Sharon Barker remembers the days before Roe v. Wade, when a college friend was forced to bring a baby who was the product of rape to term and then gave it up.
It was a different time, one that Barker, a founder of the reproductive health clinic Mabel Wadsworth Center in Bangor, thinks people who have grown up with abortion being legal cannot really understand. Her motivation to get into women’s health advocacy was spurred by memories of the shame of being unwed and pregnant accessing underground networks to find abortion care and stories of people who died trying to give themselves one.
After that landmark 1973 U.S. Supreme Court case, abortion access and education in Maine slowly began to improve, Barker said. But the right to abortion was not enshrined in state law until 20 years later, when Republican Gov. John McKernan wrote and signed the Reproductive Privacy Act, guaranteeing the right to the procedure before the point of fetal liability.
It has since been held up as the cornerstone of Maine’s permissive abortion laws. Only 12 other states offer similar protections, according to the Guttmacher Institute. The 1993 law was the subject of a major political fight and now carries more weight after the Supreme Court tossed out federal abortion rights enshrined in Roe, putting abortion laws in the hands of states.
“That law didn’t really change much in terms of the practical, on-the-ground abortion access,” Barker said. “What it did was prepare Maine for today.”
The bill was introduced right after another high-court decision that was reversed on Friday, Planned Parenthood v. Casey, affirming a right to abortion while allowing states to impose some restrictions. It led proponents to worry access would be further restricted in the future.
“It’s an appropriate thing to do, and we need to do it now if we want to keep Maine law as it has been for the last 20 years,” then-Rep.
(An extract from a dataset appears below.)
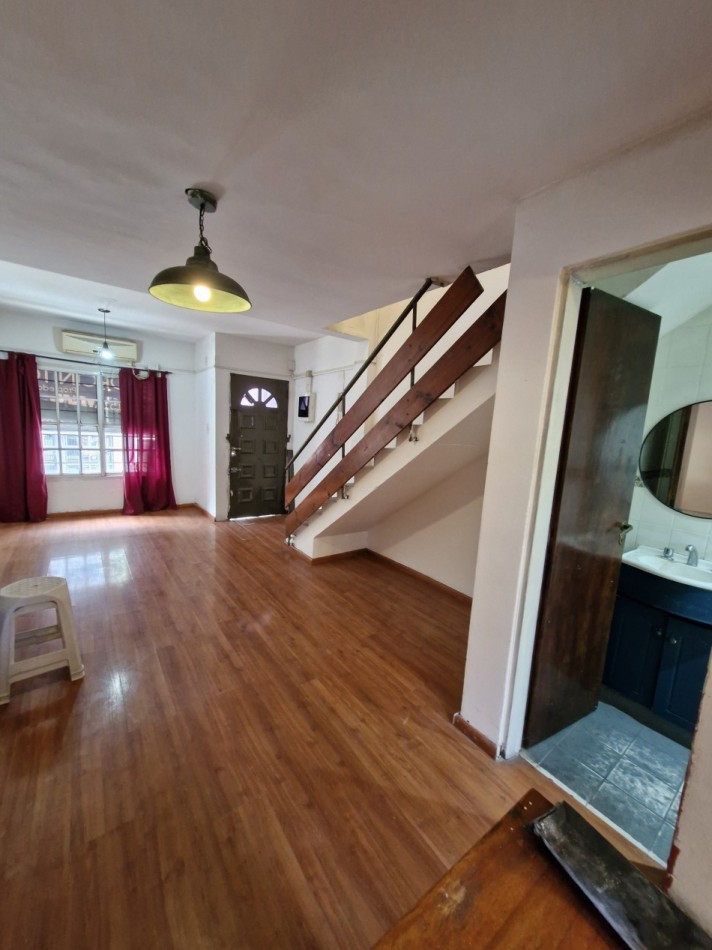 AVELLANEDA CENTRO - ALQUILER DE TRIPLEX DE 4 AMBIENTES CON PATIO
Susan Farnsworth, D-Hallowell, a co-sponsor of the law, told the Kennebec Journal in 1993.
It had strong support from the beginning, with news reports noting one-third of the Legislature signed on as co-sponsors, something that remains rare for bills in Augusta. That was likely helped along by McKernan’s long track record of supporting abortion rights at a time when Republicans and Democrats were less polarized on the issue.
In addition to codifying abortion rights, it repealed provisions that included a 48-hour wait for the procedure after seeing a physician, passing the Legislature and going to McKernan’s desk by comfortable margins — 24-11 in the Senate and 97-44 in the House.
The success of the bill hinged on bringing together coalitions of those who did not want the government to be involved in a medical decision and those who felt a woman should have the right to choose, said Farnsworth, who runs a family law office in Hallowell.
It was still highly controversial: The Bangor Daily News reported in March 1993 that roughly 1,000 people turned up to the bill’s public hearing held in the Augusta Civic Center for capacity reasons. It happened again in 2009 when Maine debated same-sex marriage.
Opponents held up graphic posters of aborted fetuses and occasionally argued with speakers. One woman prayed in front of a banner of the Virgin Mary in front of the hall. Baby cries punctuated testimony, the BDN reported. That happened alongside testimony of those who said the bill would prevent women from being put in precarious situations.
“It took the work of a lot of brave people, mostly women, to come forward with their experiences — and help people understand who maybe didn’t — about the impact it would have on people’s lives,” Farnsworth said.